- The U.K. workforce will soon have explicit rights laying out how, when and why they can request flexible working arrangements, including day-one eligibility.
- UK’s Minister for Small Business, Kevin Hollinrake, has expressed his support for the bill, stating he believes greater flexibility over where, when, and how people work is an integral part of their plan to make the U.K. the best place in the world to work.
- The bill also requires employers to consult with their employees and explore alternate available options before rejecting a flexible working request.
The United Kingdom is on the brink of a significant shift in employment practices with the Employment Relations (Flexible Working) Bill moving closer to becoming law. This legislation is set to revolutionize the working landscape for millions of employees across the U.K. by granting them the right to request flexible working from their first day on the job.
The bill successfully passed through the House of Lords without any amendments this week, and now awaits royal assent before it officially becomes law.

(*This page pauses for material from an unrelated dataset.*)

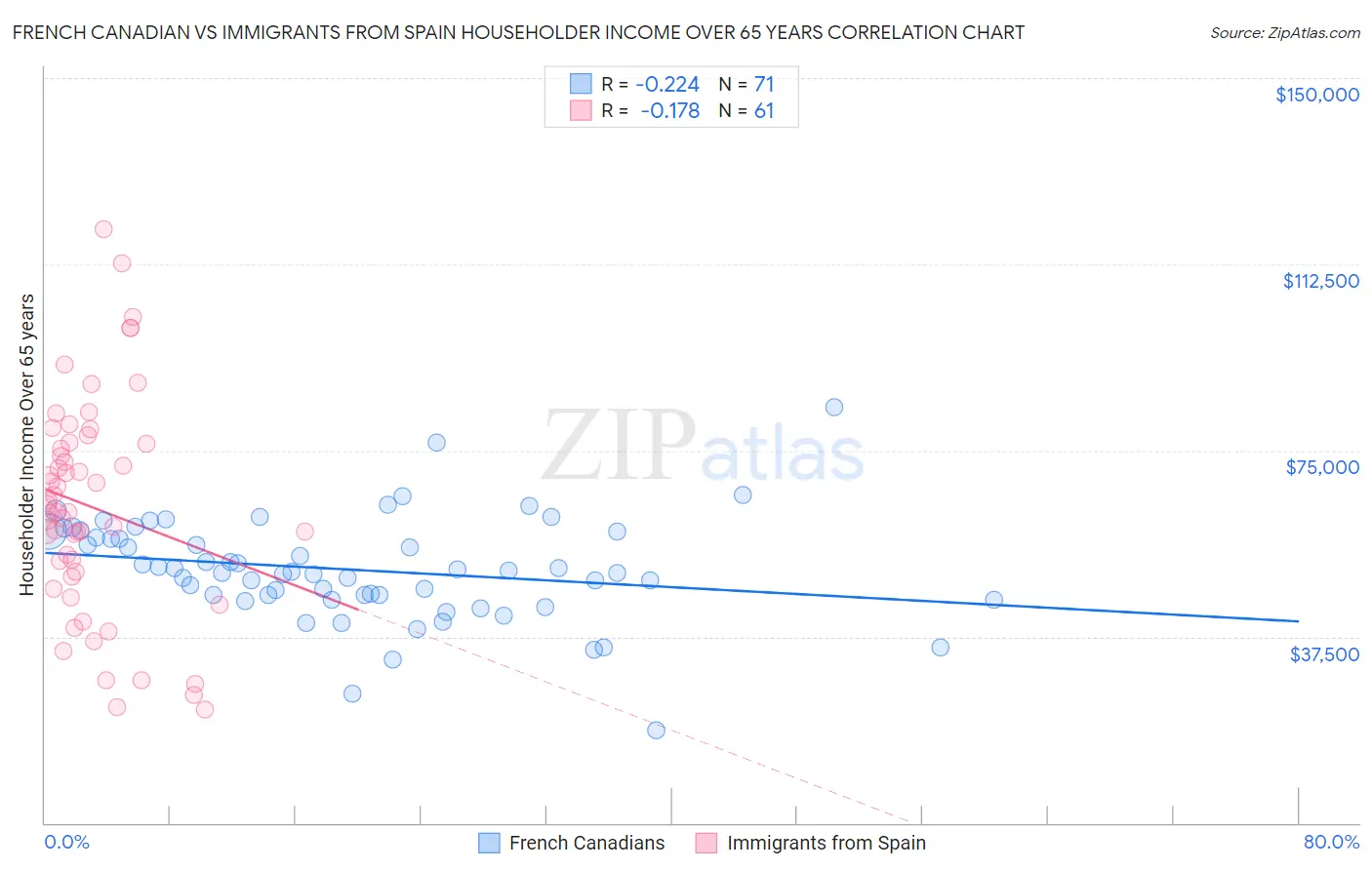 French Canadian vs Immigrants from Spain Householder Income Over 65 years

Currently, workers are required to provide 26 weeks of continuous service before they can apply to change their work location, hours, or pattern. However, the new bill will remove this qualifying period, making flexible working a day-one right.
The soon-to-be law also increases the number of flexible working requests an employee can make within a 12-month period from one to two. Further, it eliminates the requirement for employees to explain how the effects of their flexible working request might be dealt with by their employer.

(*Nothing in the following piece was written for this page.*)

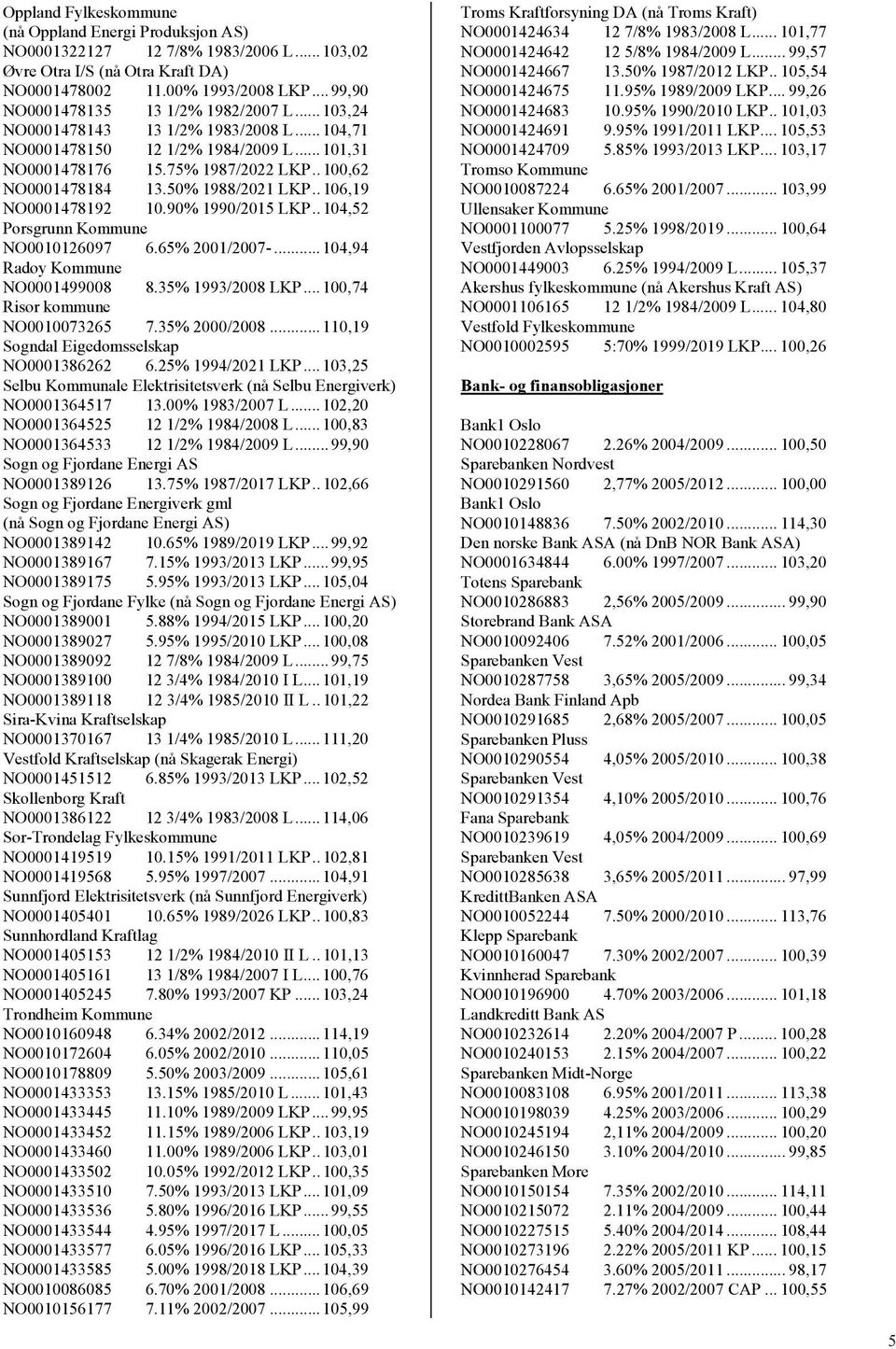 50% 1988/2021 LKP..106,19 NO0001478192 10.90% 1990/2015 LKP..104,52 Porsgrunn Kommune NO0010126097 6.65% 2001/2007-...104,94 Radøy Kommune NO0001499008 8.35% 1993/2008 LKP.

However, it’s important to note that while employees will have the right to request flexible working, companies will still need to approve these requests, and approval is not guaranteed. Under the new law, employers are required to respond to requests within two months, down from the three months currently stipulated. The bill also requires employers to consult with their employees and explore alternate available options before rejecting a flexible working request.
The government believes that these changes will give employees a greater say over when, where, and how they work. This flexibility is expected to help people balance their work and personal life, particularly those with responsibilities such as caring for children or vulnerable individuals.

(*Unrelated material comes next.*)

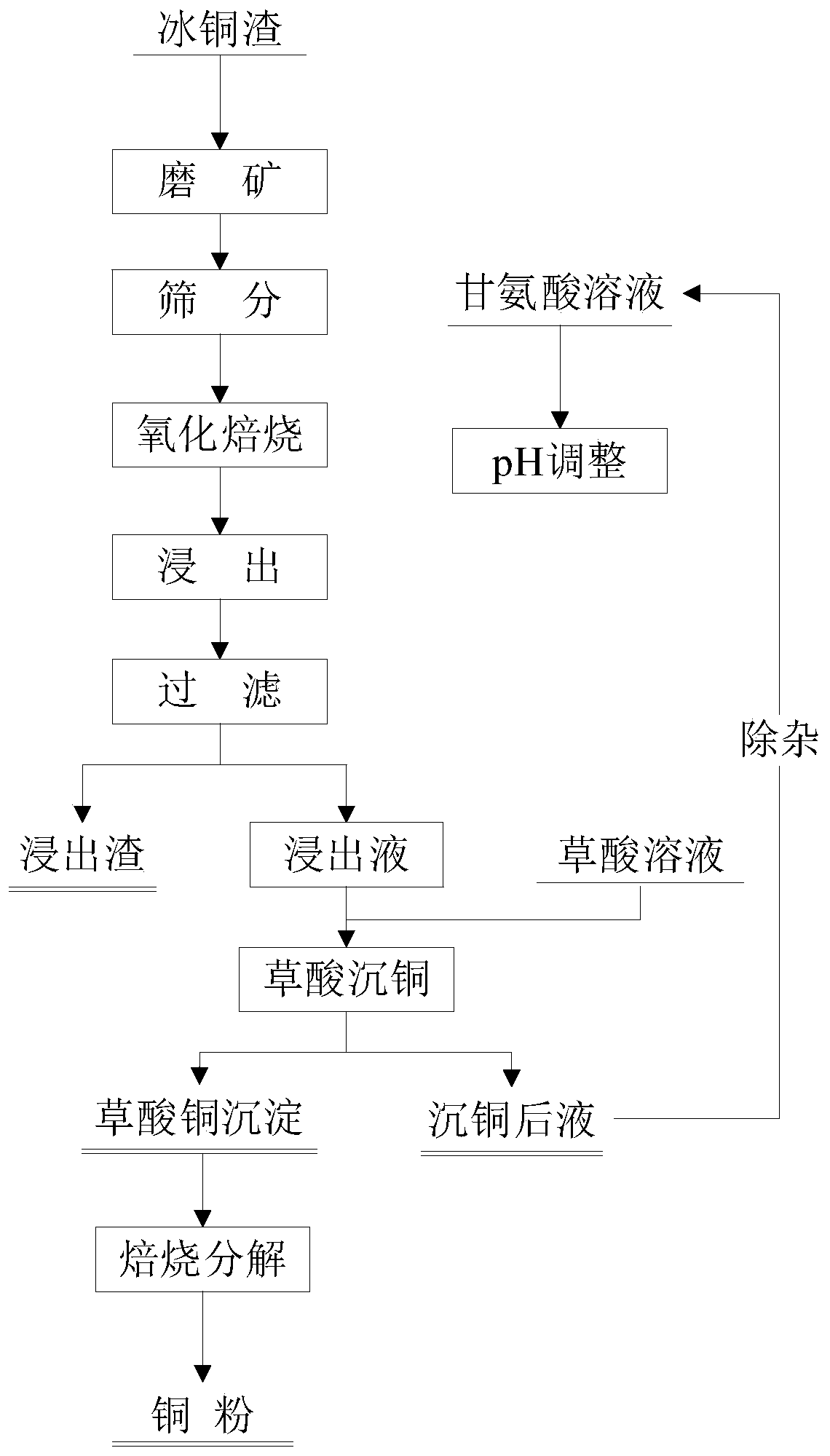 Process method for alkaline wet process leaching of copper from matte slag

The U.K.’s Minister for Small Business Kevin Hollinrake has expressed his support for the bill, stating that giving staff more say over their working pattern leads to happier employees and more productive businesses. He believes that greater flexibility over where, when, and how people work is an integral part of their plan to make the UK the best place in the world to work.
The passage of this bill marks a significant step towards a more flexible future of work in the U.K. It reflects a growing recognition of the benefits of flexible working, not just for employees but also for businesses, who stand to benefit from higher productivity and staff retention as a result.